Yahoo! has agreed to pay $35 million as fine to resolve federal regulators' charges that the online pioneer deceived investors by failing to disclose one of the biggest data breaches that affected three billion users.
Personal data was stolen from hundreds of millions of Yahoo users in the December 2014 breach attributed to Russian hackers. The US Securities and Exchange Commission (SEC) said that the company, now known as Altaba, has agreed to settle charges.
Yahoo eventually acknowledged that the 2014 hacking attack and a separate one in 2013 brought affected all 3 billion accounts on its service.
According to the SEC's order, within days of the December 2014 intrusion, Yahoo's information security team learned that Russian hackers had stolen what the security team referred to internally as the company's "crown jewels".
There "crown jewels" were usernames, email addresses, phone numbers, birthdates, encrypted passwords, and security questions and answers for hundreds of millions of user accounts.
The fact of the breach was not disclosed to the investing public until more than two years later, when in 2016 Yahoo was in the process of closing the acquisition of its operating business by Verizon Communications, Inc, the statement read.
"We do not second-guess good faith exercises of judgment about cyber-incident disclosure.
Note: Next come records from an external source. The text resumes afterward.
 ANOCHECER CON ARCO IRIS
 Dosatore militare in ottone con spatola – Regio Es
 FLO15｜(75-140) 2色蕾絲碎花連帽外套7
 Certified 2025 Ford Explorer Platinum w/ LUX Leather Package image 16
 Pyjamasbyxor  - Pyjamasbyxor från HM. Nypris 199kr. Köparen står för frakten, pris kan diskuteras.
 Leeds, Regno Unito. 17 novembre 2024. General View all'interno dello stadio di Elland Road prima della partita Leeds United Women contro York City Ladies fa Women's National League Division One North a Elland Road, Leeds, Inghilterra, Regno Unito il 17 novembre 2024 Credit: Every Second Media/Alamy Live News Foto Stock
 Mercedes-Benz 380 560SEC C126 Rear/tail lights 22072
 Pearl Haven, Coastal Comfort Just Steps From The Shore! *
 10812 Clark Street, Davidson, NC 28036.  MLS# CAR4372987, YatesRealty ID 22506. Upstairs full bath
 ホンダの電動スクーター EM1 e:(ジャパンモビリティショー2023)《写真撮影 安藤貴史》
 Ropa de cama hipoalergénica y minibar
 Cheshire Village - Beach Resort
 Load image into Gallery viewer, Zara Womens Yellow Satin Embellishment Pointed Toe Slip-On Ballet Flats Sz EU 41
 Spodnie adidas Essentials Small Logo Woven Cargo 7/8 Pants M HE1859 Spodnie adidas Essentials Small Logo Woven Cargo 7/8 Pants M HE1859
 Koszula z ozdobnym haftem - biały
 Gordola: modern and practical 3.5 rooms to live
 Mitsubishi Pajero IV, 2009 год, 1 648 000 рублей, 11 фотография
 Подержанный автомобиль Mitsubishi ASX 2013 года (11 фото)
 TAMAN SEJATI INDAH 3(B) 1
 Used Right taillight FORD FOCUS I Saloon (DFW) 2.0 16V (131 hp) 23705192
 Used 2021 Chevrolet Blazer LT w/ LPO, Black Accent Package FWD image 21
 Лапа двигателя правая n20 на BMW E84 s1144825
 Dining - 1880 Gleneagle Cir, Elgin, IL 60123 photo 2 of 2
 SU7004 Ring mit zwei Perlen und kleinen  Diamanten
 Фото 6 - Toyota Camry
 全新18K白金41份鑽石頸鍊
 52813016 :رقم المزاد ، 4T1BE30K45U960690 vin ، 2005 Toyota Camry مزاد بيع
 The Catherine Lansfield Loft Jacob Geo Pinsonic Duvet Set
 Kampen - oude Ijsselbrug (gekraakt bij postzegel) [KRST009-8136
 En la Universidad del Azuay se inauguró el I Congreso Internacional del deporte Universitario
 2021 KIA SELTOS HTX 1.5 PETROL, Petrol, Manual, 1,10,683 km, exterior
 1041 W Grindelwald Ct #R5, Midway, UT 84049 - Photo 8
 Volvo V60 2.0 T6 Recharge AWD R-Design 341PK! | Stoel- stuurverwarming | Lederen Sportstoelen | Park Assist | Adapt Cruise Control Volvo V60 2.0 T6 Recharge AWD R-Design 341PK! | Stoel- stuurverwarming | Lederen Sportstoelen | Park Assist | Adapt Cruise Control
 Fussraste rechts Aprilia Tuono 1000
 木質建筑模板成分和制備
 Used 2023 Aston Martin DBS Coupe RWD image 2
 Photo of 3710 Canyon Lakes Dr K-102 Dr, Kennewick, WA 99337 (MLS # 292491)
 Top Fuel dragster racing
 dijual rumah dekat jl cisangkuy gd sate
But we have also cautioned that a company's response to such an event could be so lacking that an enforcement action would be warranted. This is clearly such a case," Steven Peikin, Co-Director of the SEC Enforcement Division was quoted as saying by IANS.
The SEC statement said that when Yahoo filed several quarterly and annual reports during the two-year period following the breach, the company failed to disclose the breach or its potential business impact and legal implications.
"Instead, the company's SEC filings stated that it faced only the risk of, and negative effects that might flow from, data breaches," it added.